Insight into Dickinson, North Dakota, July 2015

A Brief Partial History of Dickinson, 2009 to 2015:

For those of you who don’t know, Dickinson, Williston, and Minot have just gone through six years of rapid growth, beginning in 2009 when oil drilling began to take off in North Dakota, probably due to new fracturing techniques allowing much more oil to be removed from each well than had been possible before.  The drilling companies like Nabors, Patterson, Cyclone, and HP moved drill rig platforms to North Dakota.  Fracturing companies came to North Dakota, I think Schlumberger was one of them, I think that Haliburton and Baker Hughes are involved in fracturing.  There were wire-line companies, mud-logging companies, work-over rig companies, casing companies, specialty companies that have a role in drilling.  Tanker trucks delivering water for fracturing, tanker trucks removing water after fracturing.  Hot-shot companies delivering equipment and material, roust-about companies handling and installing equipment and material.

So many people were brought to North Dakota, so many people came to North Dakota.  In 2008, the population of Dickinson was about 12,000 people, now it is about 30,000 people.  In 2008, an old one-bedroom apartment cost about $300 per month, by 2010, an old one-bedroom apartment cost about $1,500 per month.  By 2011, the ratio of men to women in Dickinson became about 4 to 1.

I arrived in Dickinson in 2011.  At first, it seemed like an adventure, it was exciting.  I remember going to the Paragon Bowling Alley & Champs Sports Bar in Dickinson in 2011, and there were about 200 people there on Thursday, Friday, and Saturday night.  It was very easy to get a job.  The first place I went to, I got hired right then on the spot.  With overtime, I was making about $1,400 per week.  I met people from all over the United States, and there was a kind of camaraderie with everyone that was a new worker in town, it was like we were all immigrants, kind of in the same boat.  I remember going to Patterson Lake in the summer of 2011, with all the out-of-state workers, DSU college students, and a few local people, there were about 200 people there at the beach on Saturday and Sunday.

In 2013 when I came back to Dickinson, things were much different than in 2011.  There was no more talk in Dickinson about “man camps”, they were not going to be built in Dickinson or Stark County, it was no longer even being discussed.  In 2013, there were approximately at least 500 new apartment units being constructed, and probably one hundred new homes being constructed.  Out-of-state workers were no longer being allowed to stay at the campground at Patterson Lake, Wal-Mart, or the Tiger Truck Stop.  The Dickinson police were now very strict on stopping people for DUI, especially out-of-state workers.  On Saturday and Sunday night in 2013, now there were only about 30 people in the Paragon Bowling & Champs Sports Bar, not 200.  On Saturday and Sunday afternoon in 2013, now there were only about 20 people at Patterson Lake, not 200.  It was a little harder to get a job, though I got hired at the first company I went to, right there on the spot.

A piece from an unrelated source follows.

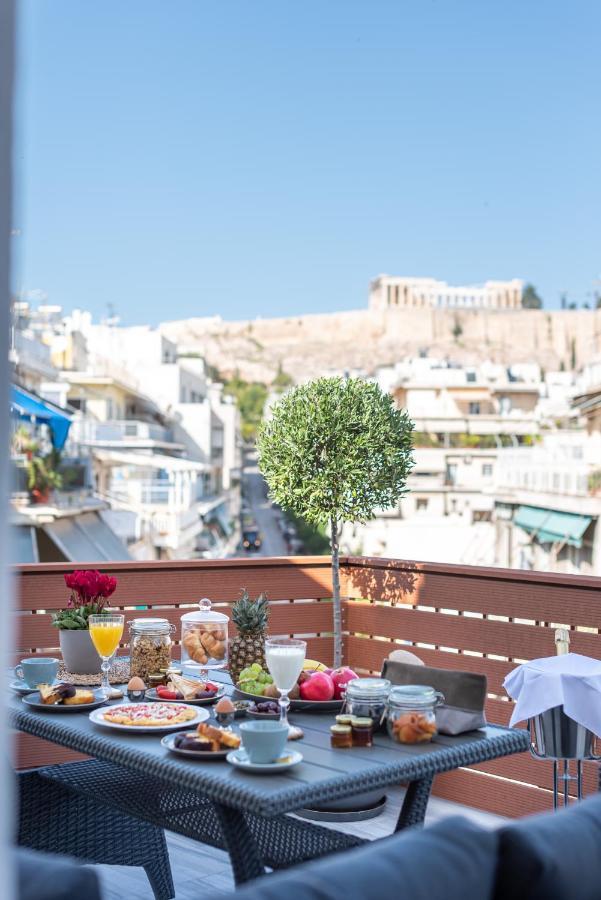 Acropolis Divine Penthouse Apartment Athens Luaran gambar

In about November of 2014, the price per barrel of oil world-wide, went down, and the price continued to decline in December 2014.  The price per barrel stayed low and went down further in January and February of 2015.  The oil companies in North Dakota such as Continental Resources, Whiting, Occidental, and Marathon decided at the board-of-director level, to hold back on new oil well drilling and on oil well production, there was no use selling all that oil for a low price, it would be better to wait for the price to go back up, then start producing again.  In about March of 2015, in North Dakota we started to see a lot of oil field jobs go away.  The operating drill rig count went from 280, down to 80.  For each drill rig that shut down, it was estimated that 100 jobs went away, that equals 20,000 jobs that went away.

Even though the high paying oil field jobs went away in the beginning of 2015, the most uneducated and uniformed people in the United States continued to come to North Dakota, people that don’t even read the newspaper or watch television news.  Now in Dickinson, there is not a shortage of workers, there are more than enough workers.  The hourly wages have gone down, and the amount of overtime available has gone down.  Not only have many oil field jobs gone away, there is now an over-supply of workers here in Dickinson, there is now a lot of competition for jobs, and few job openings.

At this time, the property managers and the real estate agents in Dickinson are trying their best to keep housing prices high, but they are losing this battle day by day.  I believe that by the summer of 2016, the housing and real estate prices will have dropped by about 20%.  This price drop will be partly due to more new housing being completed, existing housing becoming vacant, demand decreasing, and local wages decreasing.

It is possible, that by the summer of 2016, there will be no benefit to living in Dickinson, in comparison to anywhere else in the United States.  It will likely be just as difficult to get a job in Dickinson, as Idaho Falls, Billings, Colorado Springs, Prescott, Spokane, so there will not be any good reason to move here to Dickinson, because it is cold about eight months out of the year.  I am trying to tell you, It Is Over.